▶ _Work request_:
Look in the material below for the line holding "New - Open Box". Set it down exactly, with each later line up to and including the line holding "Za FBC odehrál".

▶ _Exercise data_:
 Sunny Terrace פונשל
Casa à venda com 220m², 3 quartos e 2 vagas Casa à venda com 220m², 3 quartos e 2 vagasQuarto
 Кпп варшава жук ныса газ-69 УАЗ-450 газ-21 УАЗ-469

--

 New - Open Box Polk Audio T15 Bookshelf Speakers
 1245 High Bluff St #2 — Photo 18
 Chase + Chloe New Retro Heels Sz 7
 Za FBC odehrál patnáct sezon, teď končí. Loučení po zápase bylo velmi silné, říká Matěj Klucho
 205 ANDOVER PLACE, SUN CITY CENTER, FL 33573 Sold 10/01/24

--

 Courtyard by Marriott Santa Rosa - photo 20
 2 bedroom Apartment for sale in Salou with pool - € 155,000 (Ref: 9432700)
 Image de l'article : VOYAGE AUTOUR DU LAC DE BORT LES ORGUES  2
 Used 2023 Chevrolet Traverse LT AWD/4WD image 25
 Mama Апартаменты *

▶ _Response area_:
 New - Open Box Polk Audio T15 Bookshelf Speakers
 1245 High Bluff St #2 — Photo 18
 Chase + Chloe New Retro Heels Sz 7
 Za FBC odehrál patnáct sezon, teď končí. Loučení po zápase bylo velmi silné, říká Matěj Klucho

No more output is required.